Benchmarking Apple, Android, and Windows Tablets

Anand Lal Shimpi:1

Looking at the offscreen results, we finally get what we came here for. Intel’s HD 4000 manages to deliver 3x the performance of the PowerVR SGX 554MP4, obviously at a much higher power consumption level as well. The Ivy Bridge CPU used in Surface Pro carries a 17W TDP, and it’s likely that the A6X used in the iPad 4 is somewhere south of 5W. The big question here is how quickly Intel can scale its power down vs. how quickly can the ARM guys scale their performance up. Claiming ARM (and its partners) can’t build high performance hardware is just as inaccurate as saying that Intel can’t build low power hardware. Both camps simply chose different optimization points on the power/performance curve, and both are presently working towards building what they don’t have. The real debate isn’t whether or not each side is capable of being faster or lower power, but which side will get there first, reliably and with a good business model.

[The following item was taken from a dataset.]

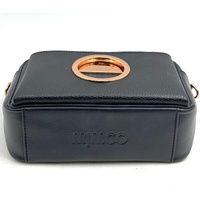 Mimco 60250329 Serene Crossbody Bag Black Pebbled Leather Rose Gold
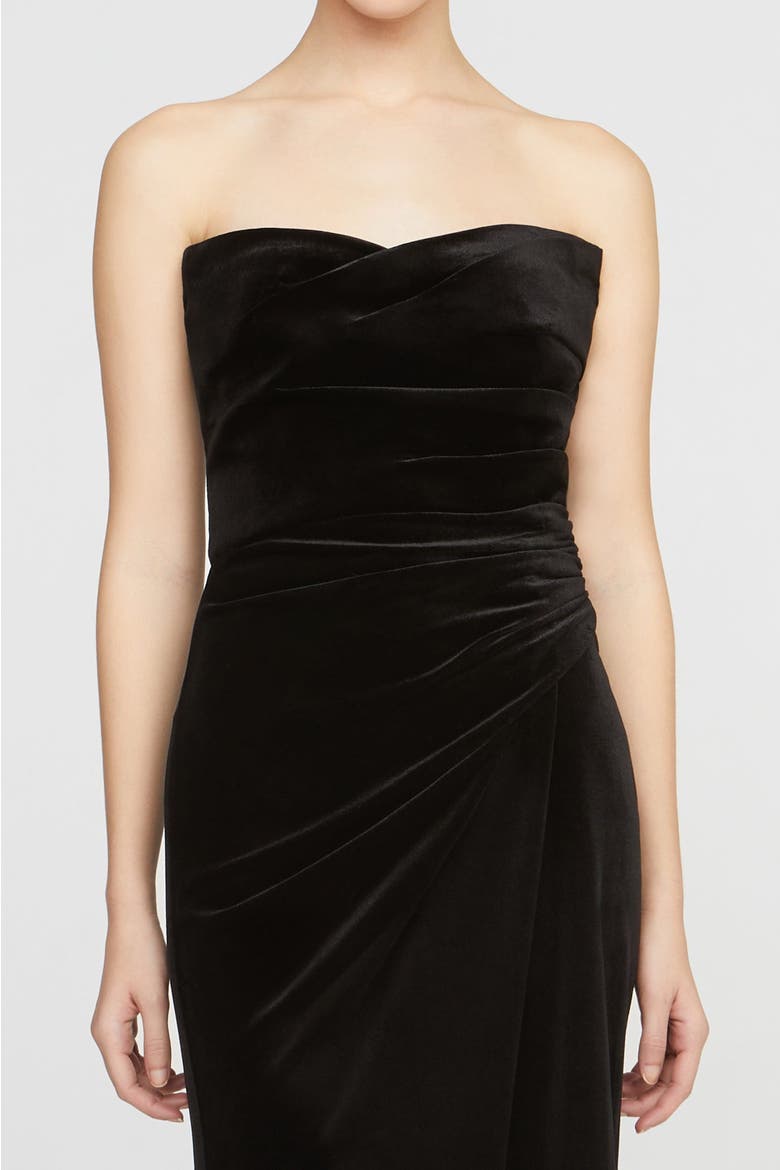 Imara Velvet Midi Dress, Alternate, color, Black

First off, the fact that there is an article comparing an iPad/Nexus with a full Intel-powered Windows PC, and no one thinks this is weird, is pretty amazing.

Second off, this shows how much trouble Intel is in.

Here’s the thing: what matters in tech is being “good enough.” Once a product is good enough on a particular vector, than any additional gains on that vector are likely to be unappreciated by consumers and lead to over-serving.2

The problem for Intel is that their chip’s performance has long since passed good enough. The fact their processor wipes the floor with the same ARM architecture that on absolute terms owns gaming is evidence of that fact. Customers don’t care about what Intel has for sell.

ARM, on the other hand, focused on power. And ARM chips are still not good enough. In fact, they will arguably never be good enough (who doesn’t want week-long battery life, or, per the link earlier today, more efficient data centers?). What they will be is far ahead of x86.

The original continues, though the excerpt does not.